Give back every line of the data below exactly.

[Data]

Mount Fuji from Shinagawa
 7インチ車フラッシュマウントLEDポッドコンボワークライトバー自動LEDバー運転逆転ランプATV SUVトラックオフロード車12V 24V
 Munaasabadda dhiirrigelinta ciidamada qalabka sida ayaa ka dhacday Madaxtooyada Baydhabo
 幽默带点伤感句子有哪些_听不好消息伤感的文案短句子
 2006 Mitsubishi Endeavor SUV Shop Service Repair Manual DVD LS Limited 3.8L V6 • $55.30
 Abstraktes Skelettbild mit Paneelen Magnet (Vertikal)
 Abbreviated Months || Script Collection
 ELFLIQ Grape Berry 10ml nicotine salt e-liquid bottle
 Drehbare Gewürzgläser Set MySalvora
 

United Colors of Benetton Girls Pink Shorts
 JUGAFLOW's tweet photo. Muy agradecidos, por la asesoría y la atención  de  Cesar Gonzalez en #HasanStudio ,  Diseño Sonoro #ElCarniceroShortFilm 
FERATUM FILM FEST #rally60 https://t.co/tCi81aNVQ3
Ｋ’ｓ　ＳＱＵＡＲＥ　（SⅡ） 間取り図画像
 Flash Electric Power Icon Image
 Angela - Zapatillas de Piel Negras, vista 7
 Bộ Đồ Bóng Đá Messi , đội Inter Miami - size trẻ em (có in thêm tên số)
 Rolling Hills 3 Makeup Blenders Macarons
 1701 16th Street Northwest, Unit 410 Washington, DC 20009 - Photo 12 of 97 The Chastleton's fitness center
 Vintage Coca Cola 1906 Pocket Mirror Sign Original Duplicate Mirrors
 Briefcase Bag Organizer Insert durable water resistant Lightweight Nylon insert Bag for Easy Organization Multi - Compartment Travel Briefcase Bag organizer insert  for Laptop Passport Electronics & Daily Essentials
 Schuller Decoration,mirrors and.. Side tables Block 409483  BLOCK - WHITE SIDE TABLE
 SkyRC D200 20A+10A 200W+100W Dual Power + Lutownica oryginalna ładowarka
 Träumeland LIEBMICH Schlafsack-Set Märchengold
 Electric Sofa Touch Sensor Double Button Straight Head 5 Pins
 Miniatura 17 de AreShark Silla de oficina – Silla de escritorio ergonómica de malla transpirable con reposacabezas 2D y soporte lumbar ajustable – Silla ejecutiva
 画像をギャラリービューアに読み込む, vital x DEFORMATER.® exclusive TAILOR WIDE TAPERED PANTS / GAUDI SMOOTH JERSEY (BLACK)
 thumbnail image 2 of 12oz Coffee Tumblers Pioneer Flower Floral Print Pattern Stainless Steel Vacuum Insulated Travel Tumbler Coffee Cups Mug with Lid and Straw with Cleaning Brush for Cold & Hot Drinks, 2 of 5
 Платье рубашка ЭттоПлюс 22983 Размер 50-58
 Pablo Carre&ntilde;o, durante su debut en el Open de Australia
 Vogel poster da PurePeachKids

[/Data]

» Task output
Mount Fuji from Shinagawa
 7インチ車フラッシュマウントLEDポッドコンボワークライトバー自動LEDバー運転逆転ランプATV SUVトラックオフロード車12V 24V
 Munaasabadda dhiirrigelinta ciidamada qalabka sida ayaa ka dhacday Madaxtooyada Baydhabo
 幽默带点伤感句子有哪些_听不好消息伤感的文案短句子
 2006 Mitsubishi Endeavor SUV Shop Service Repair Manual DVD LS Limited 3.8L V6 • $55.30
 Abstraktes Skelettbild mit Paneelen Magnet (Vertikal)
 Abbreviated Months || Script Collection
 ELFLIQ Grape Berry 10ml nicotine salt e-liquid bottle
 Drehbare Gewürzgläser Set MySalvora
 

United Colors of Benetton Girls Pink Shorts
 JUGAFLOW's tweet photo. Muy agradecidos, por la asesoría y la atención  de  Cesar Gonzalez en #HasanStudio ,  Diseño Sonoro #ElCarniceroShortFilm 
FERATUM FILM FEST #rally60 https://t.co/tCi81aNVQ3
Ｋ’ｓ　ＳＱＵＡＲＥ　（SⅡ） 間取り図画像
 Flash Electric Power Icon Image
 Angela - Zapatillas de Piel Negras, vista 7
 Bộ Đồ Bóng Đá Messi , đội Inter Miami - size trẻ em (có in thêm tên số)
 Rolling Hills 3 Makeup Blenders Macarons
 1701 16th Street Northwest, Unit 410 Washington, DC 20009 - Photo 12 of 97 The Chastleton's fitness center
 Vintage Coca Cola 1906 Pocket Mirror Sign Original Duplicate Mirrors
 Briefcase Bag Organizer Insert durable water resistant Lightweight Nylon insert Bag for Easy Organization Multi - Compartment Travel Briefcase Bag organizer insert  for Laptop Passport Electronics & Daily Essentials
 Schuller Decoration,mirrors and.. Side tables Block 409483  BLOCK - WHITE SIDE TABLE
 SkyRC D200 20A+10A 200W+100W Dual Power + Lutownica oryginalna ładowarka
 Träumeland LIEBMICH Schlafsack-Set Märchengold
 Electric Sofa Touch Sensor Double Button Straight Head 5 Pins
 Miniatura 17 de AreShark Silla de oficina – Silla de escritorio ergonómica de malla transpirable con reposacabezas 2D y soporte lumbar ajustable – Silla ejecutiva
 画像をギャラリービューアに読み込む, vital x DEFORMATER.® exclusive TAILOR WIDE TAPERED PANTS / GAUDI SMOOTH JERSEY (BLACK)
 thumbnail image 2 of 12oz Coffee Tumblers Pioneer Flower Floral Print Pattern Stainless Steel Vacuum Insulated Travel Tumbler Coffee Cups Mug with Lid and Straw with Cleaning Brush for Cold & Hot Drinks, 2 of 5
 Платье рубашка ЭттоПлюс 22983 Размер 50-58
 Pablo Carre&ntilde;o, durante su debut en el Open de Australia
 Vogel poster da PurePeachKids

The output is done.